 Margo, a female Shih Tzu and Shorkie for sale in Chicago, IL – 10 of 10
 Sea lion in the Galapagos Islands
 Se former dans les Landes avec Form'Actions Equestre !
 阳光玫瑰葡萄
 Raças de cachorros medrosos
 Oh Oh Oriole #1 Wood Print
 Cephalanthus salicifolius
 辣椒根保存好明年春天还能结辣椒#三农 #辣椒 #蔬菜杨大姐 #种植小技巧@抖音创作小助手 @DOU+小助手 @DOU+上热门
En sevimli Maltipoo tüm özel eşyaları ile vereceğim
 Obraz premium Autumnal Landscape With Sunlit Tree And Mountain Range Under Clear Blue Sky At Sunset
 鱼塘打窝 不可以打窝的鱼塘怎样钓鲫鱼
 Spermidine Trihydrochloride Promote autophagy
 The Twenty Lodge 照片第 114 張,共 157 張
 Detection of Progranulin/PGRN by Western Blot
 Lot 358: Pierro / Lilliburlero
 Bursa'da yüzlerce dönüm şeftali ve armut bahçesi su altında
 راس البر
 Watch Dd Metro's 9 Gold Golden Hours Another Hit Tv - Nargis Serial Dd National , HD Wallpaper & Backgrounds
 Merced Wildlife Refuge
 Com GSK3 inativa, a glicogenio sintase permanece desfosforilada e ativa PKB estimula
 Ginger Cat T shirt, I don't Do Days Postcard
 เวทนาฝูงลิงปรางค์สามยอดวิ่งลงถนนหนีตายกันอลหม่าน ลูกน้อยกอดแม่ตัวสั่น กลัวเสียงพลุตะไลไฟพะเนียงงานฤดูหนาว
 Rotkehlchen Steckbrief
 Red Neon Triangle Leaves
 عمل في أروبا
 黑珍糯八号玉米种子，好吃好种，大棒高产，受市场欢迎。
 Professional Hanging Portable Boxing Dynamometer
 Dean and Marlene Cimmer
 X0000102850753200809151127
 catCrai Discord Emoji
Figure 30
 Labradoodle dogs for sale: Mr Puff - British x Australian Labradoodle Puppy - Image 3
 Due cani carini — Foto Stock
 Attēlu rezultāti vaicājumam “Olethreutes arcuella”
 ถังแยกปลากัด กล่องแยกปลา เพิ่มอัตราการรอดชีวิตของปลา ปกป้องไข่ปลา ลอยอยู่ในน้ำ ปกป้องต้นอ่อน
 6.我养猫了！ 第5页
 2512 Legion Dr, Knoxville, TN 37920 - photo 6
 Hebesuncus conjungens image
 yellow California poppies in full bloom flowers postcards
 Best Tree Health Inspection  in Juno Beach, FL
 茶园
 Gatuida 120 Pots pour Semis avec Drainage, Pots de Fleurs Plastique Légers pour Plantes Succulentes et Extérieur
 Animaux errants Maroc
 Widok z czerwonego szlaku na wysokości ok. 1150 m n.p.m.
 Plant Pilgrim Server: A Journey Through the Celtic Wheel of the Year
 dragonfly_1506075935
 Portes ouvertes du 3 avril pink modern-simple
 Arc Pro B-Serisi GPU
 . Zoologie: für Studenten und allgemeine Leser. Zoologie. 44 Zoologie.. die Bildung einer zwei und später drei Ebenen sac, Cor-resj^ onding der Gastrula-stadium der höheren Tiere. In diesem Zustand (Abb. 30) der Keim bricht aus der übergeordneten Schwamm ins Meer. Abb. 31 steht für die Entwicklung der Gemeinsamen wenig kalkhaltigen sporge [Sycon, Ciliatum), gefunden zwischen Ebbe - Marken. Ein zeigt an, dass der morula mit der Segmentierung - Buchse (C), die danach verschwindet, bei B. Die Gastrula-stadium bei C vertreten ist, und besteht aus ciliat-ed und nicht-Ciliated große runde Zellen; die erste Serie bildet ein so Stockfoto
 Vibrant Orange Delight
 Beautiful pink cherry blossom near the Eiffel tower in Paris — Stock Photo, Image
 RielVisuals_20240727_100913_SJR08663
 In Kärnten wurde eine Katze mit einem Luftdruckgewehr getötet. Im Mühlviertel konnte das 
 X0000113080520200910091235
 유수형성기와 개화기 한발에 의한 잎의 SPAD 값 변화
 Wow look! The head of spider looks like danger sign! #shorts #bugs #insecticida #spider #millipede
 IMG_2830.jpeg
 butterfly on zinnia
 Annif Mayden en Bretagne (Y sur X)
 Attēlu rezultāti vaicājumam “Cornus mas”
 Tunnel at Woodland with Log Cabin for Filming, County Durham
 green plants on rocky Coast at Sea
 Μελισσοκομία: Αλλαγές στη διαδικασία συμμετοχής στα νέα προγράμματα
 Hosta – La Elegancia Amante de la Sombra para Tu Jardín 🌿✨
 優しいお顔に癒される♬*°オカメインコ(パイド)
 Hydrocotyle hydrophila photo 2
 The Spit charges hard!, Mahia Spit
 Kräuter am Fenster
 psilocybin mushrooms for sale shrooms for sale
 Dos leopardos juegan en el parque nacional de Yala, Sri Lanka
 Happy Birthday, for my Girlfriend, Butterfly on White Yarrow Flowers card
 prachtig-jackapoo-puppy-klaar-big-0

INSTRUCTIONS FOR THE TASK | Copy each line containing the word "avec" from the data.

TASK OUTPUT |
 Se former dans les Landes avec Form'Actions Equestre !
 Gatuida 120 Pots pour Semis avec Drainage, Pots de Fleurs Plastique Légers pour Plantes Succulentes et Extérieur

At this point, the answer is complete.